*** Begin section ***

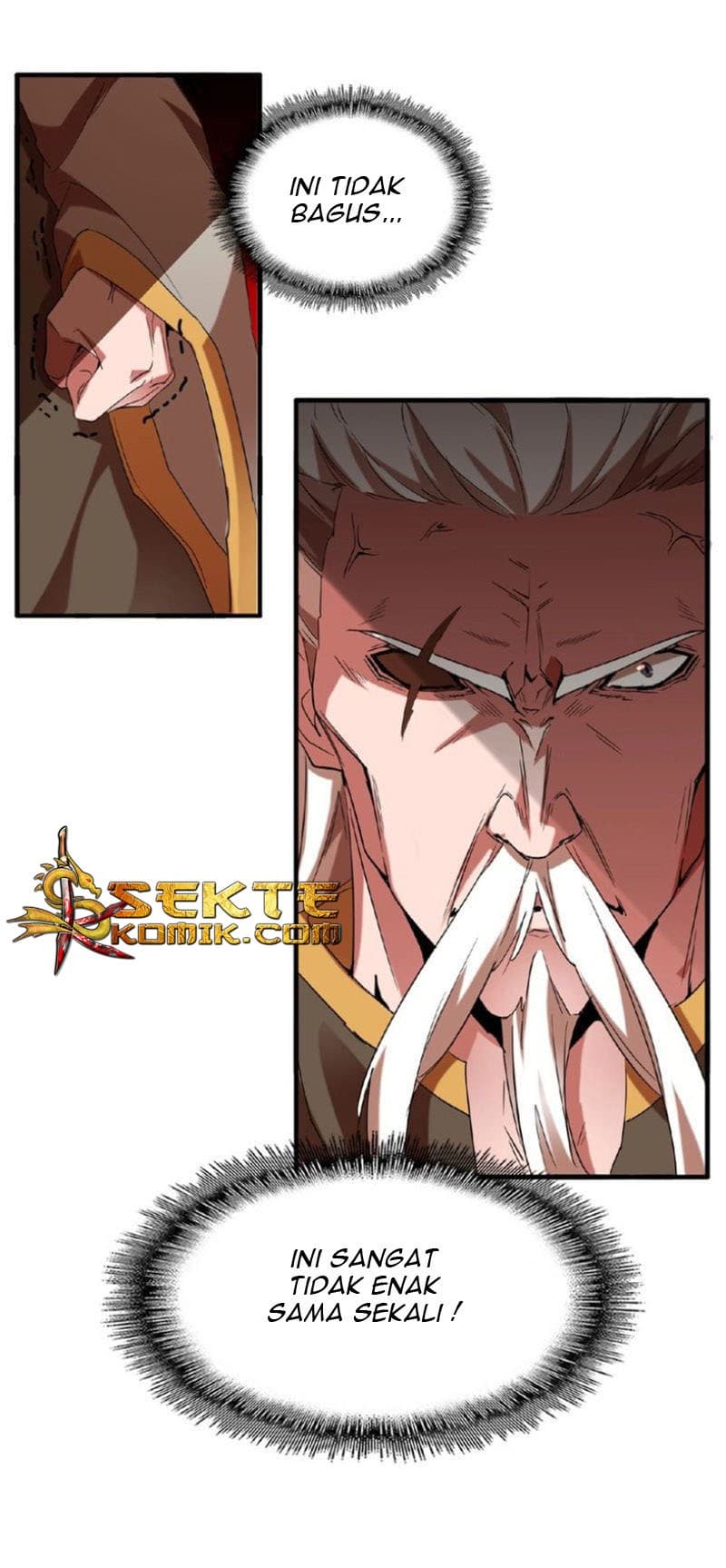 Demonic Emperor - Chapter 14 - Page 34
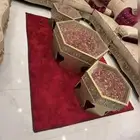 كنب نظيفه وكويسه جدا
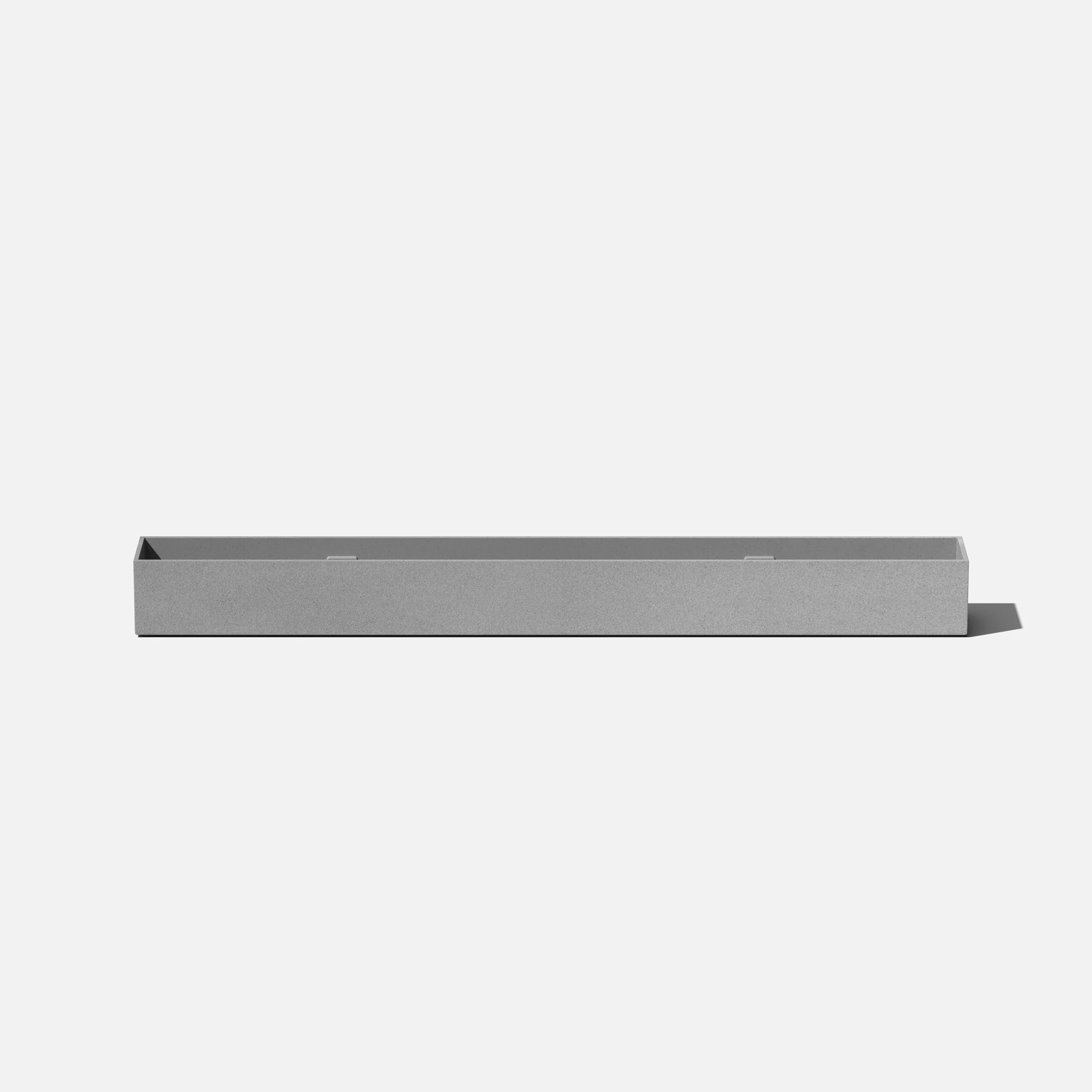 geo trough planter - Image 24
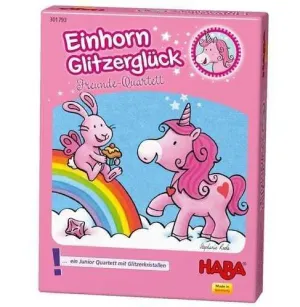 UNICORNIO DESTELLO: FAMILIAS DE AMIGOS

*** End section ***

Retype the full listing above precisely. Exclude each picture you find in it.

Answer for this exercise:
 Demonic Emperor - Chapter 14 - Page 34
 كنب نظيفه وكويسه جدا
 geo trough planter - Image 24
 UNICORNIO DESTELLO: FAMILIAS DE AMIGOS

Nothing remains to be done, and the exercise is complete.